207 P. 231, 120 Wash. 317
CourtWashington Supreme Court
DecidedMay 22, 1922
DocketNo. 16940
StatusPublished
Cited by4 cases

This text of 207 P. 231 (De Von v. Town of Oroville) is published on Counsel Stack Legal Research, covering Washington Supreme Court primary law. Counsel Stack provides free access to over 12 million legal documents including statutes, case law, regulations, and constitutions.

Bluebook
De Von v. Town of Oroville, 207 P. 231, 120 Wash. 317 (Wash. 1922).

Opinions

Parker, O. J.

— The plaintiff DeVon commenced this action in the superior court for Okanogan county, seeking an injunction restraining the defendant town of Oroville, a municipal corporation of the fourth class, and its officers from destroying a building owned by him, which building was damaged by fire; the town officers claiming the lawful right and authority to destroy the building by virtue of a fire and building ordinance of the city hereinafter noticed. The plaintiff alleges in his complaint that he owns the building in question, that it is of the value of more than $10,000 ; and that the town’s officers are threatening to destroy it without warrant or authority of law.
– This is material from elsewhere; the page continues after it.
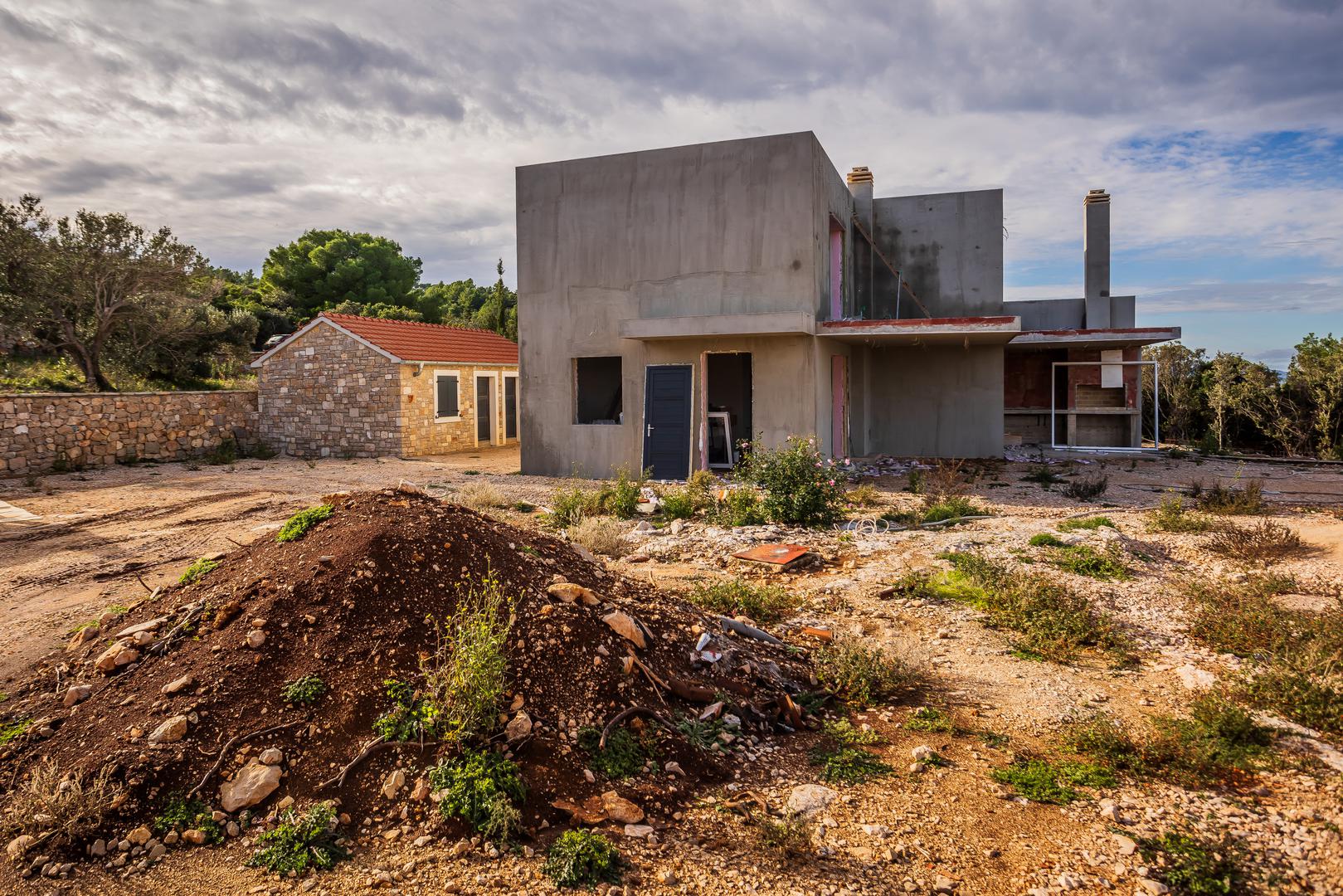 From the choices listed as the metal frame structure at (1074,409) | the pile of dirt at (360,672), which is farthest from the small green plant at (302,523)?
the metal frame structure at (1074,409)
As an affirmative defense, the town alleges the existence of the ordinance in question (Ordinance No. 66), which, after defining the fire limits of the town, within which wooden buildings shall not be constructed, contains the following provision:

“Section 5. Any existing frame building within the fire limits which may hereafter be damaged by fire, decay or otherwise, to an amount greater than one-half of its present valúe, exclusive of the foundation, shall not be repaired or rebuilt, but shall be removed from said fire limits; ”
that the building is a wooden building; that it is within the fire limits as defined by the ordinance;
“that shortly prior to the commencement of this action, said frame building was destroyed by fire to the extent of more than 50 % of its value, and as provided in said Ordinance No. 66, exclusive of the foun[319]*319dation, and though many times requested by the proper authorities of the said Town of Oroville, the plaintiffs refused and still do refuse to remove said building; that said building was at the time of the commencement of this action, and still is, a menace to the said Town of Oroville and its inhabitants . . .”
and concludes with a prayer as follows:
“that said partially destroyed building be adjudged a nuisance, and that the plaintiffs be required to remove the same within a time specified by the decree of this court, and in case the plaintiffs shall fail or refuse to do so, the defendant may abate said nuisance at the costs of the plaintiffs.”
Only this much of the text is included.